Re: Thread Safety Analysis and the Linux kernel

public inbox for linux-toolchains@vger.kernel.org
 help / color / mirror / Atom feed

From: Peter Zijlstra <peterz@infradead.org>
To: "Puchert, Aaron" <aaron.puchert@sap.com>
Cc: Marco Elver <elver@google.com>,
	Aaron Ballman <aaron@aaronballman.com>,
	"linux-toolchains@vger.kernel.org"
	<linux-toolchains@vger.kernel.org>,
	"llvm@lists.linux.dev" <llvm@lists.linux.dev>,
	Bart Van Assche <bvanassche@acm.org>,
	"Paul E. McKenney" <paulmck@kernel.org>,
	Boqun Feng <boqun.feng@gmail.com>
Subject: Re: Thread Safety Analysis and the Linux kernel
Date: Fri, 7 Mar 2025 09:52:04 +0100	[thread overview]
Message-ID: <20250307085204.GJ16878@noisy.programming.kicks-ass.net> (raw)
In-Reply-To: <DB7PR02MB3626056525E95B643D87CBC4E7CA2@DB7PR02MB3626.eurprd02.prod.outlook.com>

On Thu, Mar 06, 2025 at 11:14:21PM +0000, Puchert, Aaron wrote:

> So it boils down to
> 
> if (expr)
> 	acquire(mutex);
> do_something();
> if (expr)
> 	release(mutex);
> 
> If the "do_something()" block is rather short, as in the second example, it might also be an alternative to write:
> 
>          if (parent) {
>                  device_lock(parent);
>                  device_release_driver(dev);
>                  device_unlock(parent);
>          } else {
>                  device_release_driver(dev);
>          }
> 
> In any event, since the lock is only conditionally held, the block
> cannot require the mutex. So we can't be trying to satisfy
> "guarded_by" or "requires" attributes. We're just trying to avoid
> warnings about conditionally held capabilities. So at this point you
> might also be using "no_thread_safety_analysis". That's what we have
> typically done when we had this pattern.
> 
> > And I think we can expect a fair amount of resistance from maintainers
> > if we're going to go around rewriting their -- perfectly fine code,
> > thank you very much -- to please a static analyzer :/
> 
> I think there are some good arguments outside of the static analyzer.
> The pattern repeats the "if (expr)", and especially if "expr" is a bit
> more complex, this can be a source of errors:
> 
>                  if (!prog->sleepable)
>                          rcu_read_lock();
>  
>                  // ...
>  
>                  if (prog->sleepable)
>                          rcu_read_unlock();
> 
> This might slip through in a review, and could easily happen by
> copy-and-paste. (Of course you'll notice when testing this.) If you
> build some kind of conditional scope, it might look like this:
> 
>         scoped_conditional_guard (<rcu lock>, !prog->sleepable) {
>                 // ...
>         }
> 
> Another aspect is that even if the condition is symbolically the same,
> its value might change between locking and unlocking. If you write the
> condition once and evaluate it once, you can exclude both sources of
> errors.

Yeah, so IIRC I once proposed a guard that takes a NULL pointer to mean
not take the lock, but people had a bit of a fit.
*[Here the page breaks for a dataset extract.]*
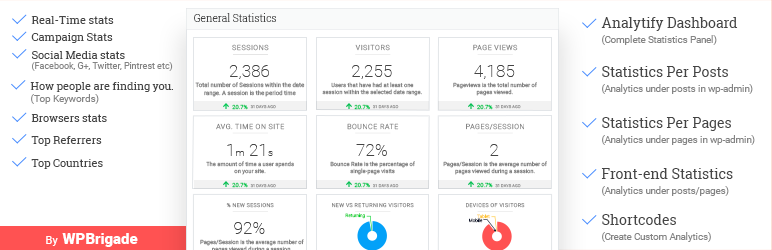 Analytify 提供的 Google Analytics（分析）儀表板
It would've allowed writing the thing like:

	{
		guard(device)(parent);
		device_release_driver(dev);
	}

Anyway, yes I mostly agree, but this isn't necessarily code I have much
to say over. And while I can argue with the relevant maintainers, at
some point its their call if they are willing to accept a code change.

> > One of the more common patterns that I've talked about with Marco is
> > where modification requires two locks, while access requires either
> > lock.
> > 
> > The current __guarded_by() annotation cannot express this.
> > 
> > One possible way would be to construct a fake / 0-size capability
> > structure and have each of these locks acquire it in 'shared' mode (but
> > then you run into the recursion thing) and have a special annotation
> > that upgrades it to exclusive.
> > 
> > [...]
> > 
> > I would much rather write something like:
> > 
> > struct task_struct {
> >         raw_spinlock_t pi_lock;
> > 
> >         cpumask_t       cpus_allowed __guarded_by(pi_lock, rq->__lock);
> > }
> 
> There were ideas to support arbitrary Boolean expressions, but they
> wouldn't have allowed different expressions for read and write. So
> this would have been both too broad and not broad enough for your use
> case.

Right, that would work if you then also introduce __guarded_shared_by()
to express the requirements for access, it then becomes:

	cpumask_t	cpus_allowed __guarded_by(pi_lock && rq->__lock)
				     __guarded_shared_by(pi_lock || rq->__lock);

Which is a little more verbose over all, but entirely more flexible.

+- naming, I'm occasionally rubbish at naming :-)

> Your idea on the other hand sounds pretty reasonable to me. We already
> support multiple arguments in many other attributes, so it seems like
> a consistent extension. And semantically it makes sense to me as well:
> if a writer is required to hold all capabilities, then a reader should
> be fine if they hold any one. I'll have to think a bit more about
> whether this is always the right thing to do, but if it is, we have an
> easy way out.

If not all required locks are exclusive it comes apart.

Say, it needs a shared capability to satisfy existence (refcount, rcu,
whatever) and an object internal lock to serialize state.

But for exclusive locks, yes, holding all for modification implies
stability while holding any (except the empty) subset.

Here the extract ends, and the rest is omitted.